The write_data method allows for exporting simulation results to external files. This method allows users to specify multiple output files, each corresponding to a specific type of data. For example, one file may contain information about viruses, while another contains the transmission network. The data is written in a tabular format, making it easy to import into statistical software or spreadsheet applications for further analysis.

db.write_data(
    "virus_info.csv",
    "virus_hist.csv",
    "tool_info.csv",
    "tool_hist.csv",
    "total_hist.csv",
    "transmission.csv",
    "transition.csv",
    "reproductive_number.csv",
    "generation_time.csv",
    "active_cases.csv",
    "outbreak_size.csv"
);

Each file contains a specific subset of the simulation data: - virus_info.csv: Information about viruses, including their names, sequences, and origin dates. - virus_hist.csv: A history of virus-related events, such as the introduction of new variants. - tool_info.csv: Information about tools, including their names and sequences. - tool_hist.csv: A history of tool-related events. - total_hist.csv: The overall state distribution over time. - transmission.csv: The transmission network, including the source, target, and timing of each event. - transition.csv: The transition matrix, showing the counts or probabilities of transitions between states. - reproductive_number.csv: The reproductive number for each case. - generation_time.csv: The generation time, which is the time between the infection of the source and the infection of the target.

Basic Analysis

The DataBase class includes methods for performing basic analysis on the simulation data. These methods allow users to calculate metrics such as transition probabilities, reproductive numbers, and generation times. For example, the get_transition_probability method calculates the probability of transitioning from one state to another, while the get_reproductive_number method computes the reproductive number for each case.

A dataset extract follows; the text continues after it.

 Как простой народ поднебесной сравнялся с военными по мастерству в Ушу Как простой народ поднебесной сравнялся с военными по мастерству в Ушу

std::vector<epiworld_double> transition_probs = db.get_transition_probability(true, true);
MapVec_type<int, int> reproductive_numbers = db.get_reproductive_number();

std::vector<int> agent_id, virus_id, time, gentime;
db.get_generation_time(agent_id, virus_id, time, gentime);

As an example of usefulness, transition probabilities can help identify the likelihood of agents moving between different states, while reproductive numbers can indicate the potential for the infection to spread. Generation times can be used to study the timing of transmission events and their impact on the overall dynamics.

It's worth noting that analysis of any great depth should likely not be done in C++. The model data should either be exported (see above) and imported into a tool of your choosing (e.g. R, Excel, or Python), or rewritten using either the epiworldR or epiworldPy bindings.

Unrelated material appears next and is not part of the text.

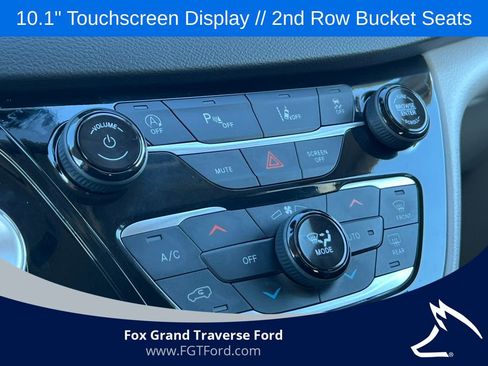 Used 2024 Chrysler Pacifica Touring-L image 22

Transmission Network Analysis

The get_transmissions method retrieves data about the transmission network, including the source, target, and timing of each event. This data can be used to construct transmission networks and analyze the spread of the infection. For example, users can visualize the network to identify clusters of infections or calculate network metrics such as centrality and clustering coefficients.

std::vector<int> date, source, target, virus, source_exposure_date;
db.get_transmissions(date, source, target, virus, source_exposure_date);

for (size_t i = 0; i < date.size(); ++i) {
    std::cout << "Transmission on day " << date[i]
              << " from agent " << source[i]
              << " to agent " << target[i]
              << " with virus " << virus[i] << std::endl;
}

This example retrieves the transmission network data and prints it to the console. Each transmission event is described by its date, source, target, and the virus involved.